While Whitney Houston’s talent was singular, it looks like the value of her estate will follow a pretty common pattern. In the hours and days after her death, sales of her singles and albums skyrocketed. She’s joining the throngs of artists who came before her whose earnings continued – and substantially increased – after their deaths.

According to Forbes magazine, the estates of each of 2011’s five “top earning dead celebrities” grew by many millions of dollars last year. Three of the five have been dead for decades, and have estates that continue to earn significantly year after year.

  1. Michael Jackson, who died in 2009, took in $170 million last year.
  1. The King of Rock n’ Roll, Elvis Presley, deceased since 1977, made $55 million.
  1. Marilyn Monroe, who died in 1962, made $27 million in 2011. According to Forbes, Authentic Brands Group bought the rights to Monroe’s estate last year. The company has used her image in an ad for J’Adore fragrance with Charlize Theron and is planning to launch Marilyn Monroe cafés.
  1. Peanuts cartoonist Charles Schultz brought in $25 million last year. His estate stands to earn more in future years as his characters move into the digital space.
  1. The estate of John Lennon, who was killed in 1980, made $12 million in 2011.

How is all this information relevant to you and your clients? If you have a client who is a singer, an actor, a writer, or otherwise involved in the arts, counsel them on the importance of planning for the distribution of their interests in royalties. Make sure your client understands how dramatically the values of those royalties can change over the years – even after they’re gone.

In other words, what if the client sitting in your office is the next Vincent Van Gogh?
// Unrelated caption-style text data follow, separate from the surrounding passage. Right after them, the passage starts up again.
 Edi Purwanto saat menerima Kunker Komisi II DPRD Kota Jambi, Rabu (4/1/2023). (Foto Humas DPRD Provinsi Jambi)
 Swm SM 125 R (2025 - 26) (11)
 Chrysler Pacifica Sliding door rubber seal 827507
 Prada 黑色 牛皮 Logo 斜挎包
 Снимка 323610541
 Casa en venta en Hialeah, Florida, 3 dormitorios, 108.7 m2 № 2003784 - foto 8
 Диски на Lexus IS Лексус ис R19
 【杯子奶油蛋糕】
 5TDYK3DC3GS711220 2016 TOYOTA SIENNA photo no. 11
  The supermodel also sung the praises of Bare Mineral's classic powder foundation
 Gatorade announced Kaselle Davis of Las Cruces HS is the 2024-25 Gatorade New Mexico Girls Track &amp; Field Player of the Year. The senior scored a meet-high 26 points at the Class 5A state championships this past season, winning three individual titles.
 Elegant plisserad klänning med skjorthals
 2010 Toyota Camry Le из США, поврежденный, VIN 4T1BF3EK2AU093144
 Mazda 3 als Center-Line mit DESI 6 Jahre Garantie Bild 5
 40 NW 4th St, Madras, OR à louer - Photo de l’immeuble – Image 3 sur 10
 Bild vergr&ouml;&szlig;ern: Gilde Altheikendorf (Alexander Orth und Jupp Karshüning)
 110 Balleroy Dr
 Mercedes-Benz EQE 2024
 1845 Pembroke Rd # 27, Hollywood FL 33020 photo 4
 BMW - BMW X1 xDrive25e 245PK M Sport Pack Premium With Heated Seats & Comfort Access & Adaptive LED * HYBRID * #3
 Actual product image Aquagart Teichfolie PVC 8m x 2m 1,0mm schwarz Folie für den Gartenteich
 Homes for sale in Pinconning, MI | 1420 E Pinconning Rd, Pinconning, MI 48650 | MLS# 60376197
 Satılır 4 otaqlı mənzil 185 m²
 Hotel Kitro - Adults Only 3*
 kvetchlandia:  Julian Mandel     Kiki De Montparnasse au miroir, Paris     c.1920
What is worth $100 today might be worth millions tomorrow. So, if they want child number one to get the house and child number two to get the rights to their art, the end result could be a very unequal distribution of the estate.

When you help your client think through the range of possible outcomes, you open the door for a more balanced estate plan that better reflects their true wishes.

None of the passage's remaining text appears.